本好きがお気に入りの一冊をダシににじり寄ってくる"カオの本棚より"、2021年のスタートはこれ⇩⇩⇩”旅”を感じる一冊です!

「アフリカの海岸」ロドリゴ・レイローサ/杉山晃訳/現代企画室/2001年発行

「徘徊」と友人には言われるのですが、目的も無くひたすら歩く癖があります。散歩とかウォーキングと言ってほしいものですが、僕からはヘルシーさなんて1㎜も感じてもらえないので「徘徊」としましょう。
無目的の徘徊行為ですが、住宅街で知らないわき道を見つけて遊ぶ徘徊から、河川に沿って風をお供に歩き続けるとか、買い物先から数駅分徒歩で帰る、海辺を拾い物(ビーチコーミングという素敵な言い方もありますね。でも徘徊)しながらほっつき歩くとか、シチュエーションは多岐に渡ります。

本の話をしましょう。
「アフリカの海岸」の作家ロドリゴ・レイローサは1958年、中米グアテマラの生まれ。ラテンアメリカ文学に分類され、ポール・ボウルズに師事しています。(ちなみにポール・ボウルズは読んだことありません💧)
小説はモロッコの北部の都市タンジェが舞台です。
レイローサはボウルズに学んだタンジェの地を舞台に選んだのでしょうか。
小説には土地の香りが濃く漂います。
タンジェという街はかつてスペインの統治下にあり、街並みは名残りの白い建物が連なります。そこにモスクが建ち、小径が張り巡らされ、ヨーロッパとアフリカの交流中継地として多くの人が行き来する―――。惹かれるものを感じる土地です。
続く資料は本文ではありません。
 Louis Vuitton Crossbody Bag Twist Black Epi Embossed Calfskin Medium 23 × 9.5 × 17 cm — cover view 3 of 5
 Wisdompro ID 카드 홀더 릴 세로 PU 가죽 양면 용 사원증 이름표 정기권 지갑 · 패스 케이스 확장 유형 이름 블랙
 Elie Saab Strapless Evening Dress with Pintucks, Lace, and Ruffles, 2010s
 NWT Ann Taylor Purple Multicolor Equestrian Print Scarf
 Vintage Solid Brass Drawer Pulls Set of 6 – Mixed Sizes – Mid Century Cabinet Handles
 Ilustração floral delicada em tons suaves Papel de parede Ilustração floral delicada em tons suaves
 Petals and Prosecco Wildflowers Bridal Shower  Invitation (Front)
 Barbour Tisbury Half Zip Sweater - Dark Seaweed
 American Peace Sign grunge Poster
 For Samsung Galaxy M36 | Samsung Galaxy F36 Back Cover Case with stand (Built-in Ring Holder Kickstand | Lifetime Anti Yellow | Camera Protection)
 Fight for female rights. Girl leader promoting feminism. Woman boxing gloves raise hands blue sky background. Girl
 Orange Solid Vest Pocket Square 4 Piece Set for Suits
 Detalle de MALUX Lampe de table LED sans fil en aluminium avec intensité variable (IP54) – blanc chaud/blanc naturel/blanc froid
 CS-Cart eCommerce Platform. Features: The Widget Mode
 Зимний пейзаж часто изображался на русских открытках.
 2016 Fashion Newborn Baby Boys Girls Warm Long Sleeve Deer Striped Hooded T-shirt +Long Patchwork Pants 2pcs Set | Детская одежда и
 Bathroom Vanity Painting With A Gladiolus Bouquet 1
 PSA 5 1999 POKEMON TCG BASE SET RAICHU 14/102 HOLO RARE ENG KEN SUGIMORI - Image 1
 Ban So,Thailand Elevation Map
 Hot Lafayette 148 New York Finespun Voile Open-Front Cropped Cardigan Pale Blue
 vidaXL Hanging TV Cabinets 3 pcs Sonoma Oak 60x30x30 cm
ボウルズを読まずに何故いきなりレイローサだったかと言うと、この本の表紙!
美しくて、ただの表紙というより一枚の絵として完成しています。
完成していながら、この絵の続きが本の中にあるんだよ、と手招いてくるようでした。
普通のハードカバーよりも縦長でスマートなんですね。アフリカ的原色にこのサイズ感を合わせるのがいい!
目次も、レイアウトがさりげなく良いし。
勘で買った本でしたが、内容も大当たりでした。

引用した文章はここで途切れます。